Un fuoco di fila di domande piuttosto incalzanti (eufemismo) è stato indirizzato all’assessore da parte delle testate Il Messaggero, Repubblica, Artribune, Giornale dell’Arte e Corriere della Sera. Niente di fatto. L’assessore è riuscito a dribblare non senza abilità politica ogni questione diretta riconducendo ogni volta la faccenda sul piano generale, sul problema della vocazione pubblica degli spazi, sulla necessità di capire quale identità dare loro, sull’esigenza di non parlare di un singolo spazio ma di una rete di offerta e poi sulla relativa distribuzione. Il piccolo assalto è durato anche successivamente alla fine della conferenza stampa quando molti giornalisti e operatori del mondo dell’arte a Roma hanno accerchiato il tavolo continuando a rivolgere domande all’imperturbabile Barca non mancando di farle notare l’attuale ground zero di dialogo tra l’assessorato e gli addetti ai lavori.

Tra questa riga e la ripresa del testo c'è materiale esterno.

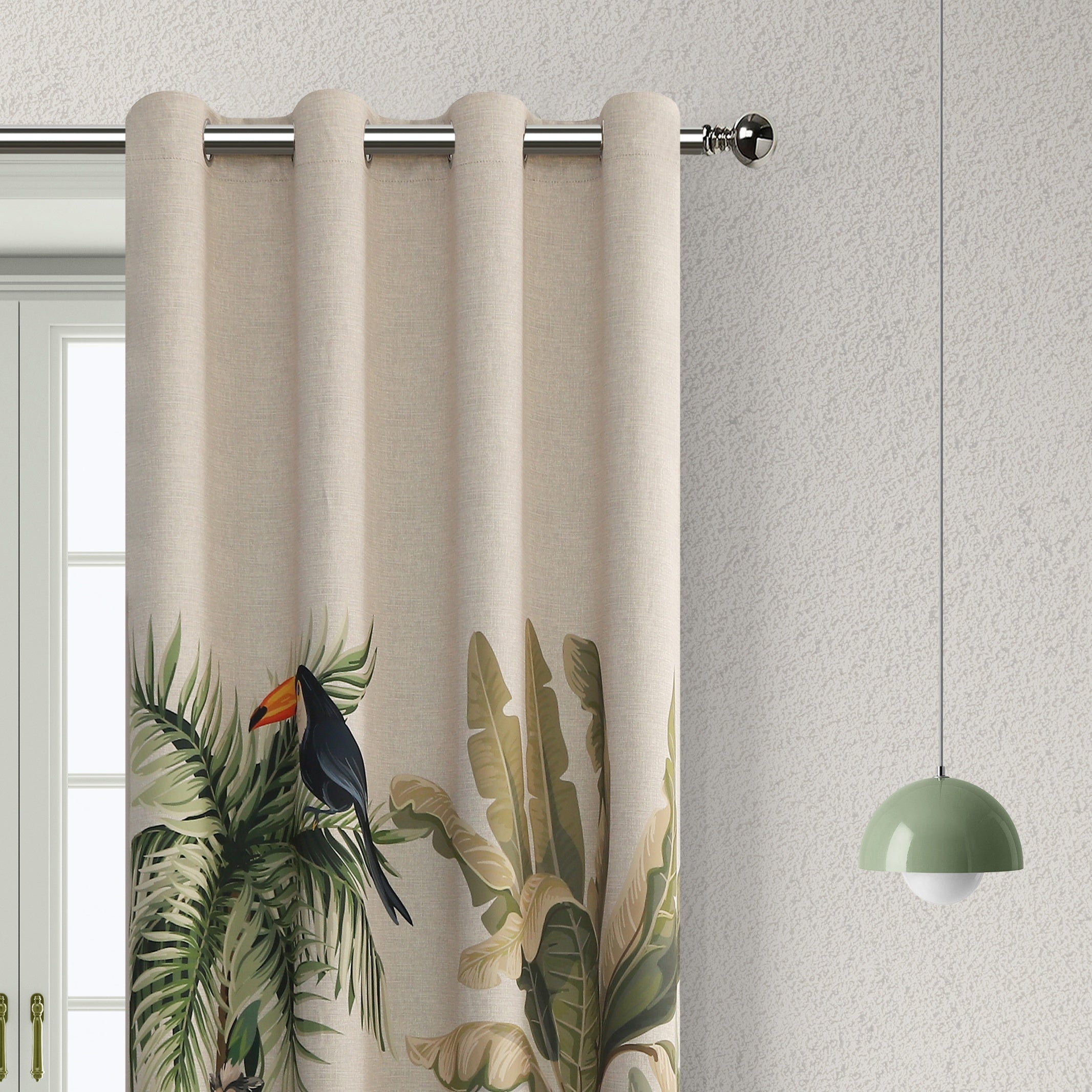 Cortinados Opacos Floresta Tropical - 2 Peças Estampadas para Quartos, Salas de Estar e Escritórios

Dopo alcuni mesi la cosa inizia ad essere preoccupante. Sia per l’atteggiamento dell’assessore (va bene non avere ancora modo di decidere, ma non aver ancora incontrato lo straccio di un addetto ai lavori per quattro mesi è normale?), ma soprattutto per le prospettive che l’amministrazione Marino vuole dare alla cultura in città. Non si è capito ancora se il comparto è considerato strategico dal nuovo sindaco, non si è capito ancora quali siano gli intendimenti di politica culturale, c’è solo vaghezza sul ruolo dei musei, sul rapporto con i privati, sul dialogo, appunto, con gli addetti in città che sono tanti e attivi: non sempre propongono ragionamenti assennati, è vero, ma questo non significa che non vadano ascoltati.

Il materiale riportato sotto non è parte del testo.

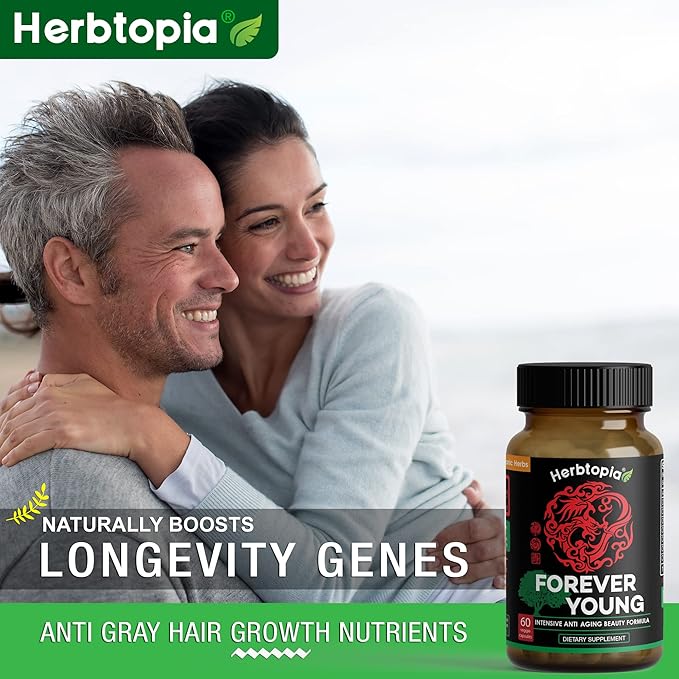 Forever Young Longevity Supplement for Immunity, Anti Gray Hair, Telomere Lengthening & Happy Mood w/Ginseng, Astragalus, Lions Mane, Reishi Mushroom, Codonopsis | Organic - 60 Caps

Flavia Barca ha sostanzialmente detto, anzi ha fatto capire manco fosse una navigata democristiana di quarant’anni fa, che la Fondazione Macro non è più una priorità (“si vedrà, in base a cosa decideremo di fare del museo”, già, ma quando deciderete?) Ha anche fatto capire che secondo lei far sottostare le istituzioni culturali ai tempi della politica (anche durante il precedente cambio di amministrazione, da Veltroni ad Alemanno, il Macro restò in ambasce praticamente un anno) è cosa sostanzialmente fisiologica e sta all’istituzione culturale stessa avere la propria spina dorsale e la propria identità per resistere a queste sevizie delle quali a quanto pare non è possibile fare a meno. E ha fatto anche capire che questa identità il Macro – a parere dell’amministrazione – in parte ce l’ha e in parte ancora no, mettendo un’ipoteca su una ricandidatura di Bartolomeo Pietromarchi alla direzione del museo che oggi sarebbe probabilmente la soluzione più sensata se non altro per le abili capacità che il curatore ha dimostrato nel fund raising.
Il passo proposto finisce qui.